7. Myth: Lasers are not safe for use in infants and children. Fact: The FDA approved the manufacture of both soft and hard tissue lasers in the late 1990s. Lasers are safer than scissors, scalpels, and electrosurgical instruments. Lasers are fast, efficient, and bactericidal. They pose no risks to patients. They do require the surgeon to have taken courses in laser safety, laser physics and instruction on the particular laser is being used. Laser glasses are required for everyone in the surgical area when lasers are being used.
8. Myth: Once the lip and tongue have been revised, no additional care is required. Fact: After the lip and tongue attachments are diagnosed as the probable cause of any breastfeeding symptoms, just surgically revising these areas does not complete treatment.
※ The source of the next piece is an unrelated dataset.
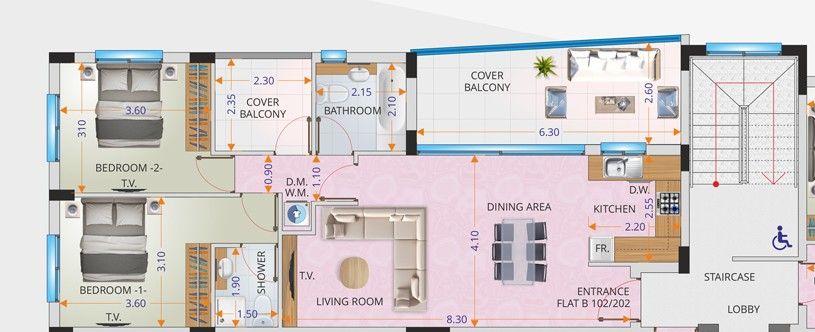 Апартаменты в Ларнаке, Кипр, 126 м² - фото 4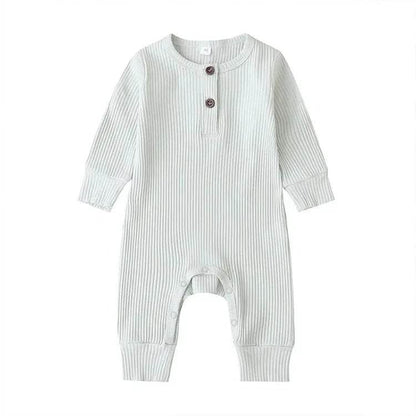 Summer Unisex Newborn Baby Clothes Solid Color Baby Rompers Cotton Long Sleeve Toddler Romper Infant Clothing 3-18 Months - Giggles And Grab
Post-surgery active wound management is required to prevent the surgical sites from healing back to their original location. This requires keeping the surgical areas apart for least two weeks by actively separating the tissue three times a day. If the lingual frenum begins to reappear, it needs to be reopened. In addition to this active wound management, infants and mothers should be followed by their lactation consultant (IBCLC).
9. Myth: Mothers need to understand breastfeeding may be painful. They need to wait until their nipples get tough and not be so wimpy. If they cannot breastfeed, just pump or switch to formula and give the baby a bottle. Fact: Breastfeeding should be a time where a mother and her infant can bond together. This bond created lasts a lifetime. Mothers who cannot breastfeed often become depressed and are told it is their fault. Breastfeeding should not be an all day effort and painful. Mothers know best. When a mother thinks there is something wrong, there usually is.
10. Myth: My infant was examined in the hospital and I WAS TOLD EVERYTHING WAS JUST FINE. Fact: Many hospitals, all over the world, have what is quietly called the “GAG ‘ rule. Nurses and Lactation consultants based in hospitals are told they cannot discuss tongue and lip ties with patients.